* RECORDS TO USE
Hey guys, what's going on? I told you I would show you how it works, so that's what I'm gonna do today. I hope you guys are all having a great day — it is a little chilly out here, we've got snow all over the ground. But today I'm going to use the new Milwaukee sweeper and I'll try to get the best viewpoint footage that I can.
* * *
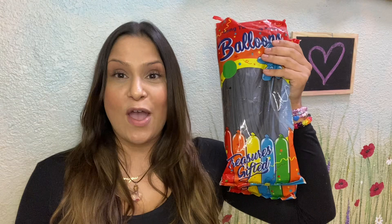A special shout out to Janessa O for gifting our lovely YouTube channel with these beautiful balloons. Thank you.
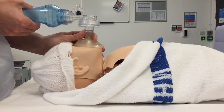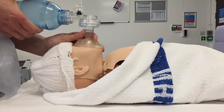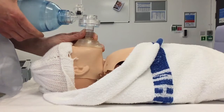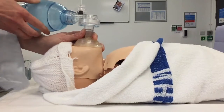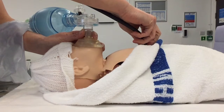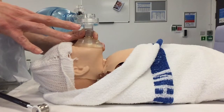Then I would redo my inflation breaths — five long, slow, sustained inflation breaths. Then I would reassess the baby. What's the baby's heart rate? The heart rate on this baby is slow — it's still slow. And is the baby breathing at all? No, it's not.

* TASK OBJECTIVE
Print, word for word, the lines above that run from the line containing "A special shout" to the line containing "Then I would redo", both included. Keep the pictures out.

* SOLUTION FOR THIS PROBLEM
A special shout out to Janessa O for gifting our lovely YouTube channel with these beautiful balloons. Thank you.
Then I would redo my inflation breaths — five long, slow, sustained inflation breaths. Then I would reassess the baby. What's the baby's heart rate? The heart rate on this baby is slow — it's still slow. And is the baby breathing at all? No, it's not.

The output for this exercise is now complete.